Required work - For each record below, set it down exactly but leave out any picture.

Input data -
--

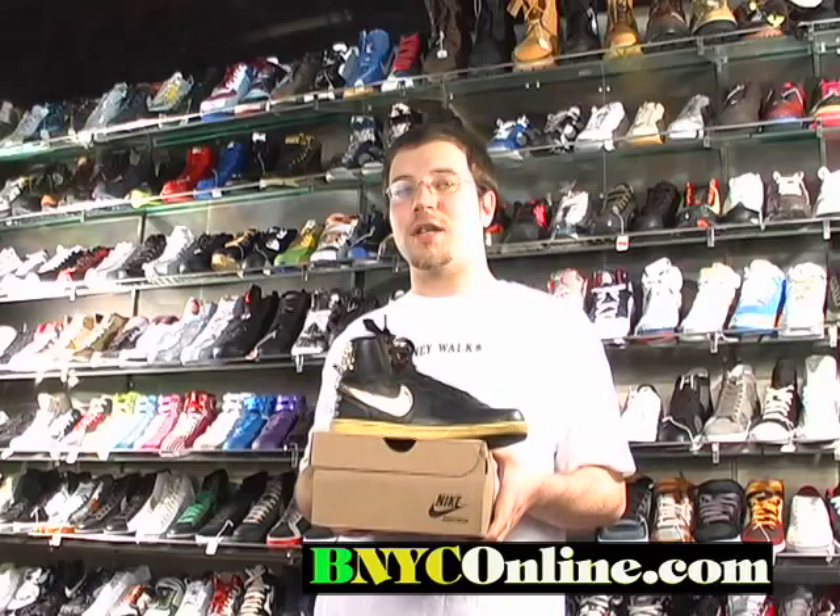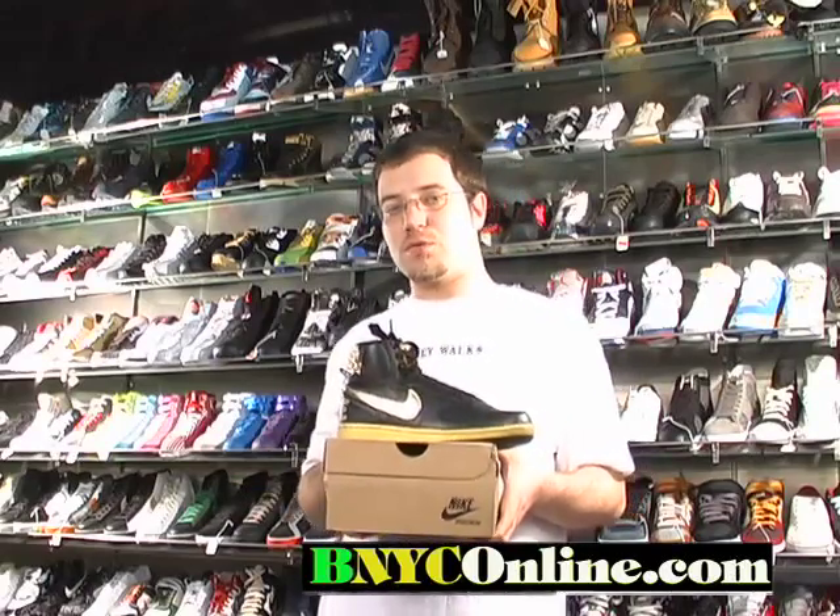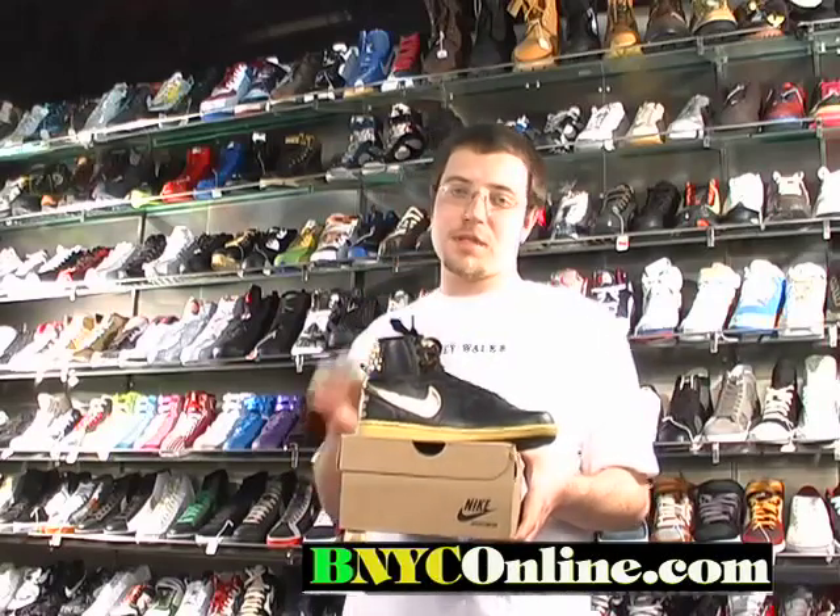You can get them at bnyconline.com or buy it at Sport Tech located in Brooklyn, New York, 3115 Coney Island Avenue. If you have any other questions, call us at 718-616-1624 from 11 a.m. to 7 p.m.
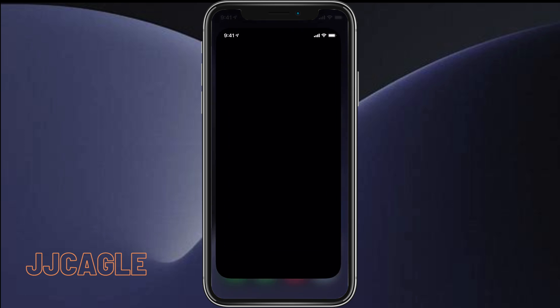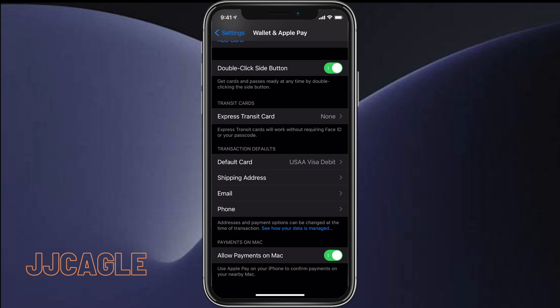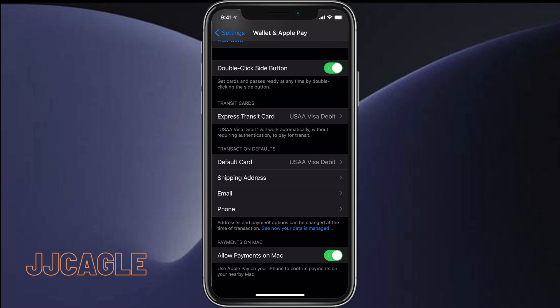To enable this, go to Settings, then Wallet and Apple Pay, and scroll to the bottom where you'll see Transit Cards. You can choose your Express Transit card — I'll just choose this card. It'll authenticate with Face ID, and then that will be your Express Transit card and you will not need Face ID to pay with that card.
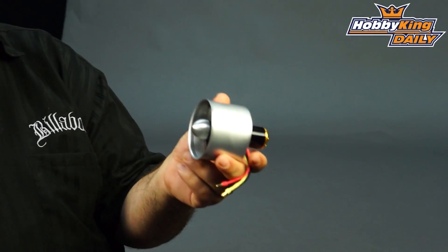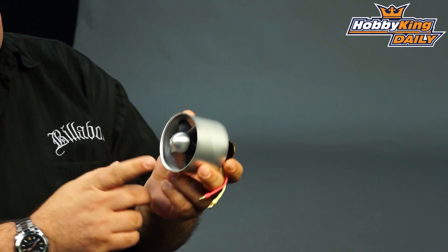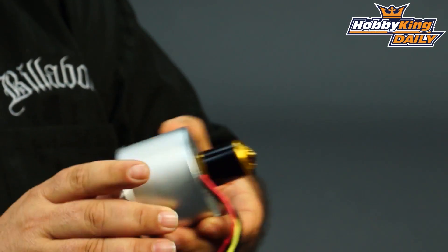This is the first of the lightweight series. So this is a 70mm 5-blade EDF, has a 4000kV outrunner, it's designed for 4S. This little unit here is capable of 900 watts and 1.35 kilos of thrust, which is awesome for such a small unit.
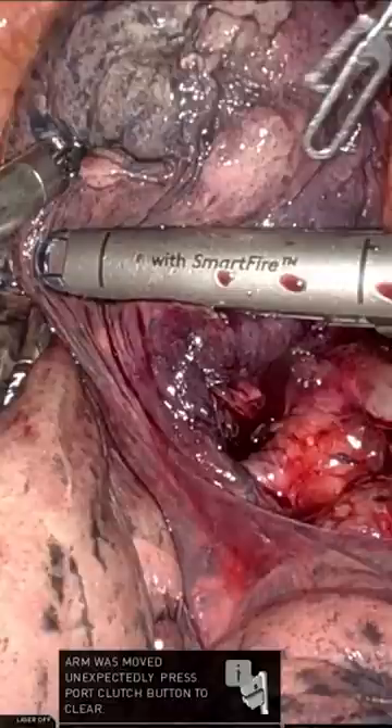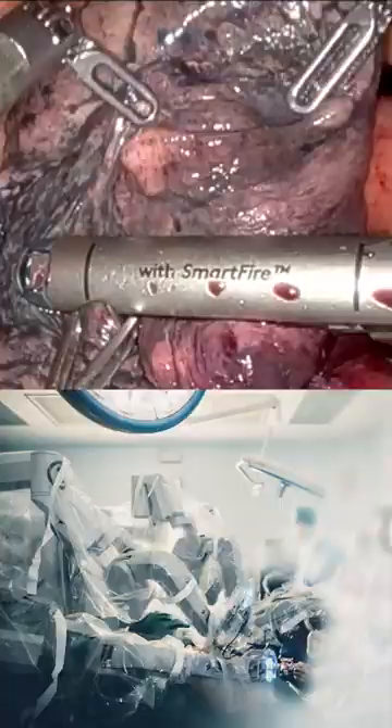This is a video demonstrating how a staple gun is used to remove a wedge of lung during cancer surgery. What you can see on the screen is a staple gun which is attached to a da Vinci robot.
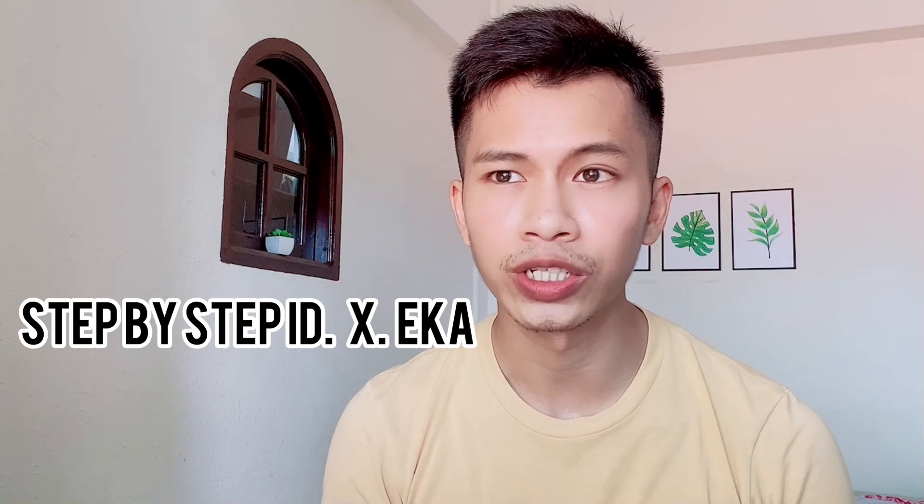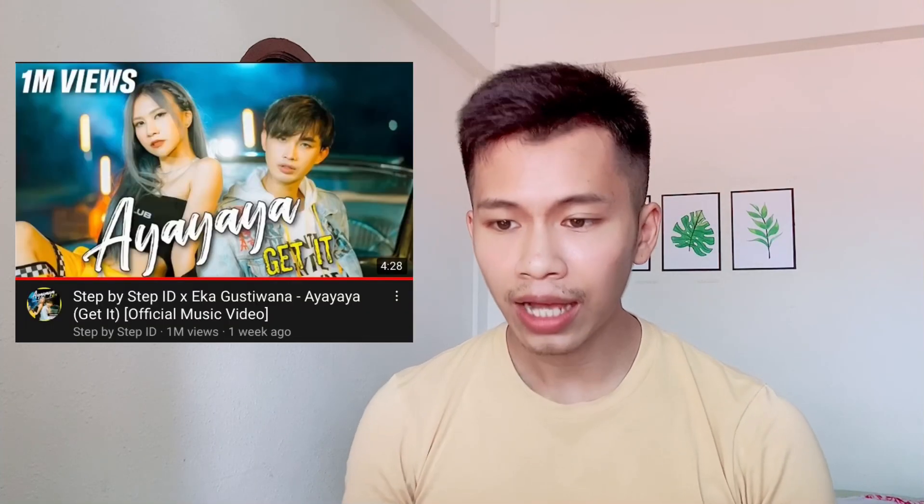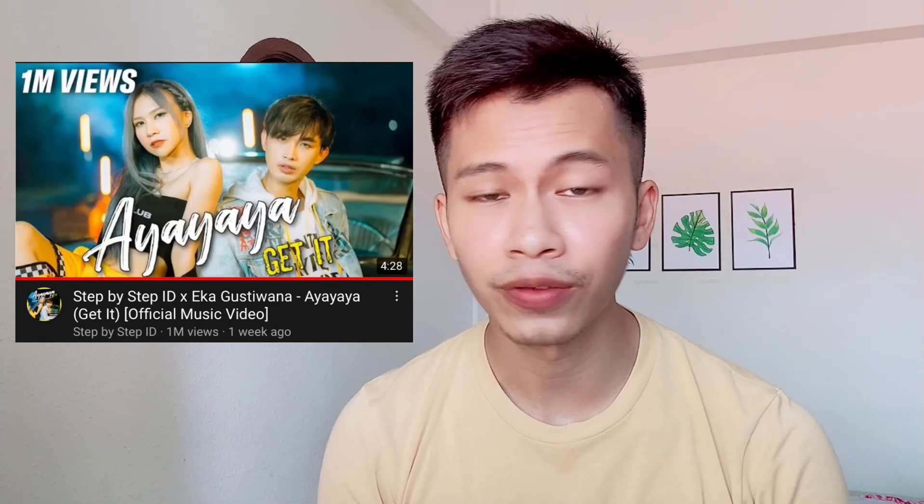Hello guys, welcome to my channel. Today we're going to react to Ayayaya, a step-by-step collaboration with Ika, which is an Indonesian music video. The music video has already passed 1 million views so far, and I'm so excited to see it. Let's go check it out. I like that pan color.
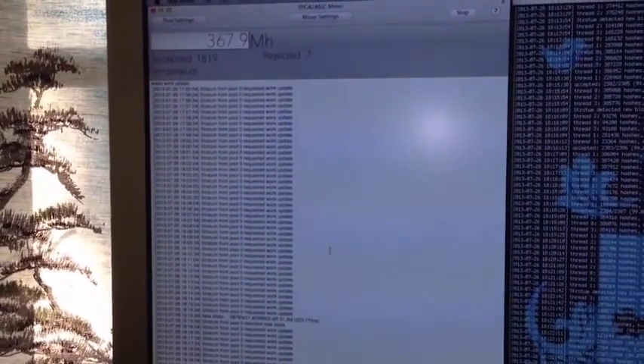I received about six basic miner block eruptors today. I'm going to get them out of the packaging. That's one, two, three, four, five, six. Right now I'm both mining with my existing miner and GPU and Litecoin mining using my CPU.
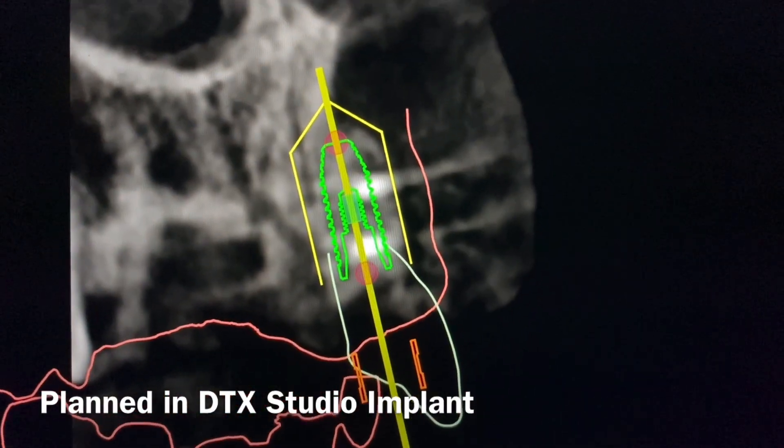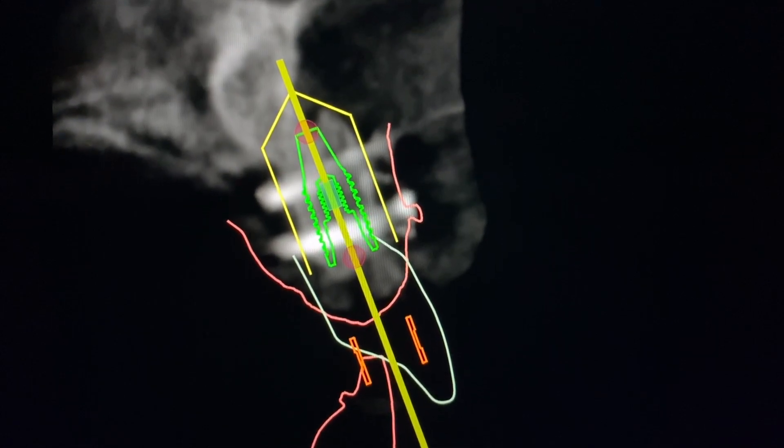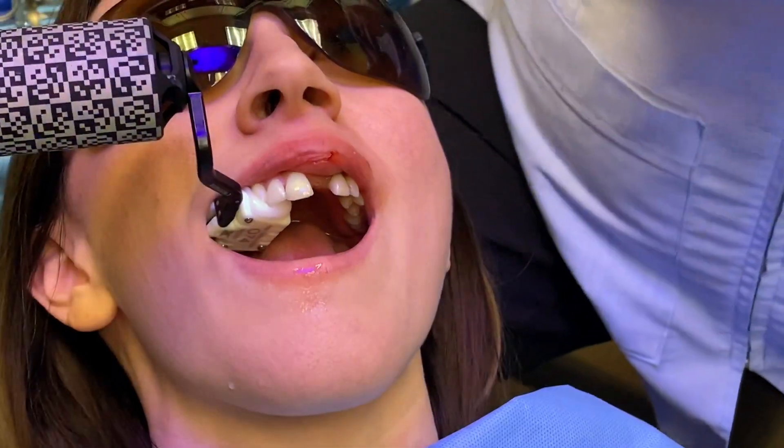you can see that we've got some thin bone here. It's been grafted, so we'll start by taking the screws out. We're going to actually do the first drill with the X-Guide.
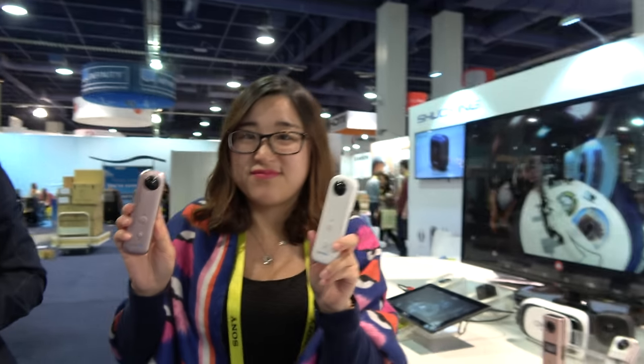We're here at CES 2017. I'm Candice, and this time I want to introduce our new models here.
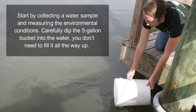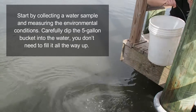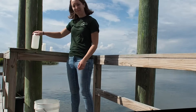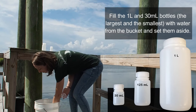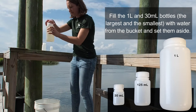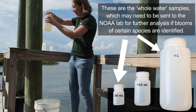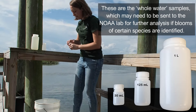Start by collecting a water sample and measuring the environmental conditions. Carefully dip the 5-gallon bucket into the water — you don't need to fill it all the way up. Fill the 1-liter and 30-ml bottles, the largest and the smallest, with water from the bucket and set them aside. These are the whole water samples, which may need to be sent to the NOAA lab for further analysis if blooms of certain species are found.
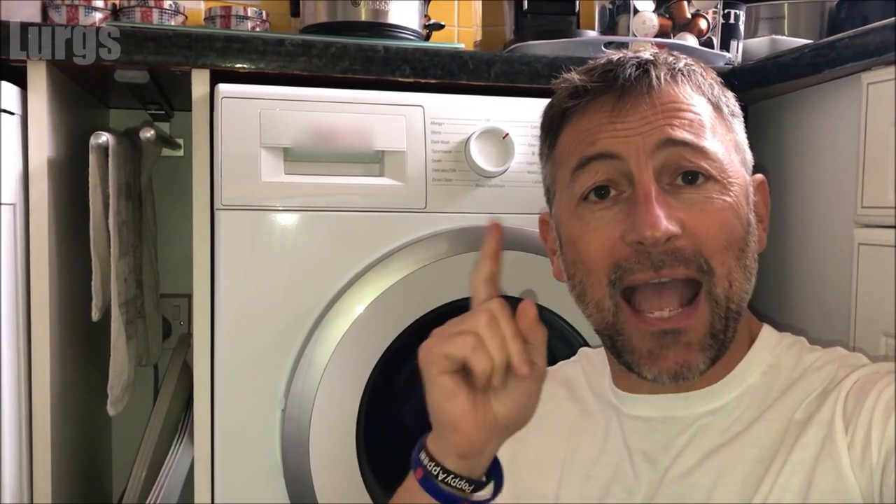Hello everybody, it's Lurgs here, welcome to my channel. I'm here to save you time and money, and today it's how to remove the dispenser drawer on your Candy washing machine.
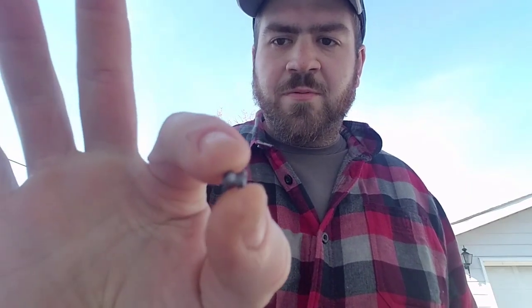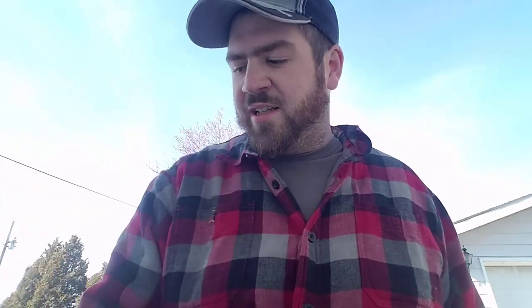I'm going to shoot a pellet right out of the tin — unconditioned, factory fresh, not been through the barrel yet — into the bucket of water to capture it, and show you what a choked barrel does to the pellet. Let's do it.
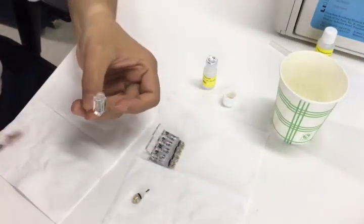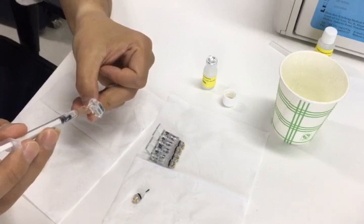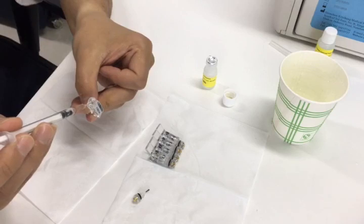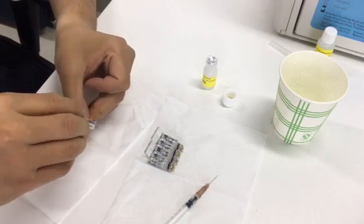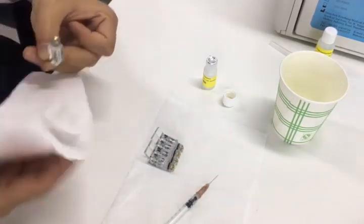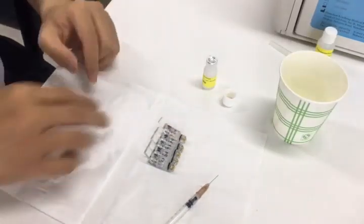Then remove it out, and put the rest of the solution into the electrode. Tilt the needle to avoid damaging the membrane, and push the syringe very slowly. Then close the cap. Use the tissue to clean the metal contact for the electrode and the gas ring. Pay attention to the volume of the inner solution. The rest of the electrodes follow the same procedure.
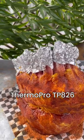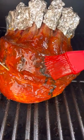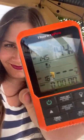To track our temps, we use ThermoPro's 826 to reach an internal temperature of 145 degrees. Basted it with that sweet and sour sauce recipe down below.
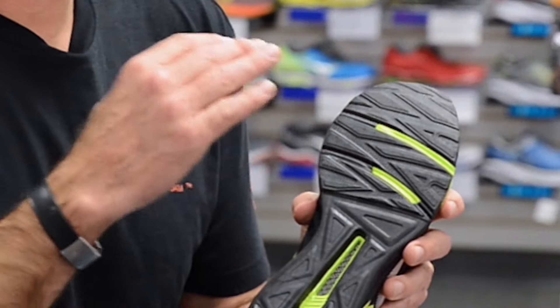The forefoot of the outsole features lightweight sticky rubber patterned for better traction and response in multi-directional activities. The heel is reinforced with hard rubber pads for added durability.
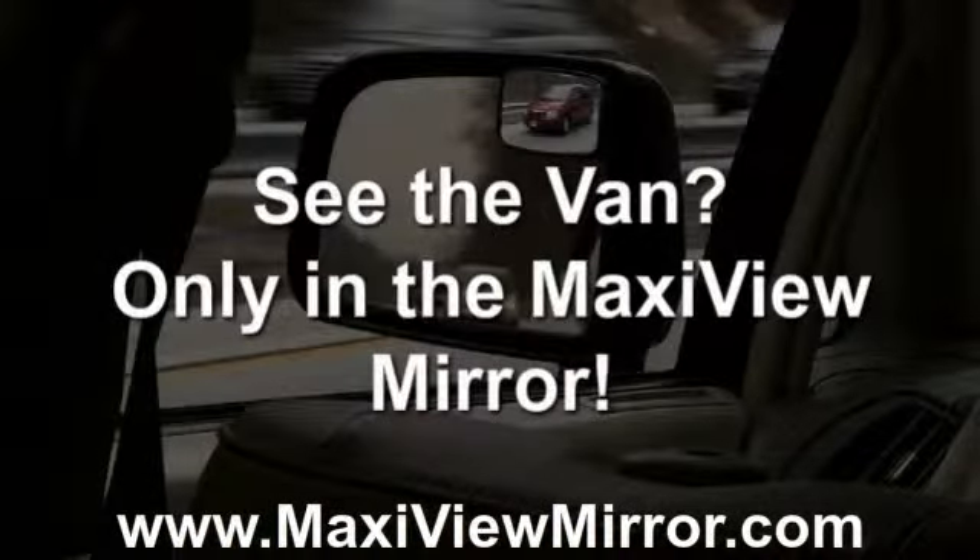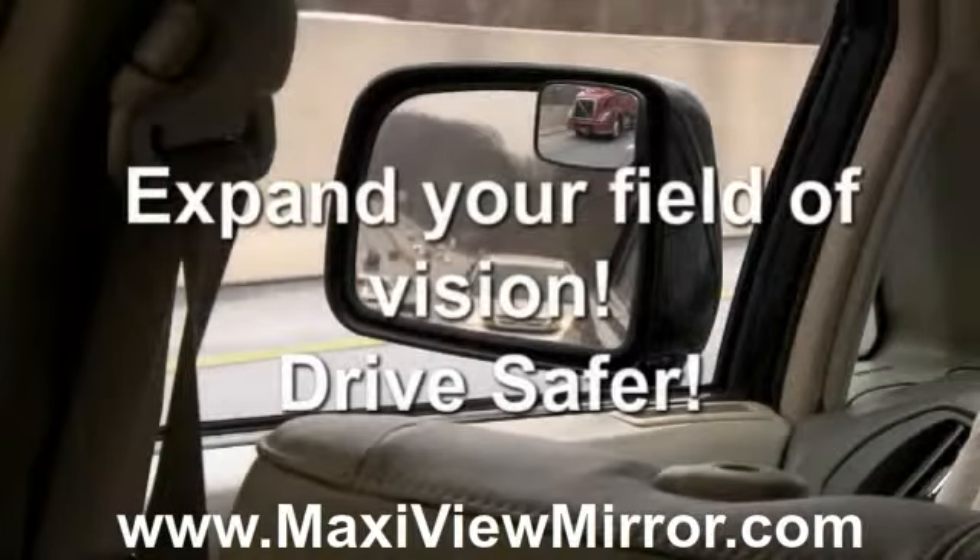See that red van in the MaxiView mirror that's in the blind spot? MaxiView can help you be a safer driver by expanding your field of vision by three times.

--

Answer area -
You can get them at bnyconline.com or buy it at Sport Tech located in Brooklyn, New York, 3115 Coney Island Avenue. If you have any other questions, call us at 718-616-1624 from 11 a.m. to 7 p.m.
To enable this, go to Settings, then Wallet and Apple Pay, and scroll to the bottom where you'll see Transit Cards. You can choose your Express Transit card — I'll just choose this card. It'll authenticate with Face ID, and then that will be your Express Transit card and you will not need Face ID to pay with that card.
This is the first of the lightweight series. So this is a 70mm 5-blade EDF, has a 4000kV outrunner, it's designed for 4S. This little unit here is capable of 900 watts and 1.35 kilos of thrust, which is awesome for such a small unit.
This is a video demonstrating how a staple gun is used to remove a wedge of lung during cancer surgery. What you can see on the screen is a staple gun which is attached to a da Vinci robot.
Hello guys, welcome to my channel. Today we're going to react to Ayayaya, a step-by-step collaboration with Ika, which is an Indonesian music video. The music video has already passed 1 million views so far, and I'm so excited to see it. Let's go check it out. I like that pan color.
I received about six basic miner block eruptors today. I'm going to get them out of the packaging. That's one, two, three, four, five, six. Right now I'm both mining with my existing miner and GPU and Litecoin mining using my CPU.
you can see that we've got some thin bone here. It's been grafted, so we'll start by taking the screws out. We're going to actually do the first drill with the X-Guide.
We're here at CES 2017. I'm Candice, and this time I want to introduce our new models here.
Start by collecting a water sample and measuring the environmental conditions. Carefully dip the 5-gallon bucket into the water — you don't need to fill it all the way up. Fill the 1-liter and 30-ml bottles, the largest and the smallest, with water from the bucket and set them aside. These are the whole water samples, which may need to be sent to the NOAA lab for further analysis if blooms of certain species are found.
Hello everybody, it's Lurgs here, welcome to my channel. I'm here to save you time and money, and today it's how to remove the dispenser drawer on your Candy washing machine.
I'm going to shoot a pellet right out of the tin — unconditioned, factory fresh, not been through the barrel yet — into the bucket of water to capture it, and show you what a choked barrel does to the pellet. Let's do it.
Then remove it out, and put the rest of the solution into the electrode. Tilt the needle to avoid damaging the membrane, and push the syringe very slowly. Then close the cap. Use the tissue to clean the metal contact for the electrode and the gas ring. Pay attention to the volume of the inner solution. The rest of the electrodes follow the same procedure.
To track our temps, we use ThermoPro's 826 to reach an internal temperature of 145 degrees. Basted it with that sweet and sour sauce recipe down below.
The forefoot of the outsole features lightweight sticky rubber patterned for better traction and response in multi-directional activities. The heel is reinforced with hard rubber pads for added durability.
See that red van in the MaxiView mirror that's in the blind spot? MaxiView can help you be a safer driver by expanding your field of vision by three times.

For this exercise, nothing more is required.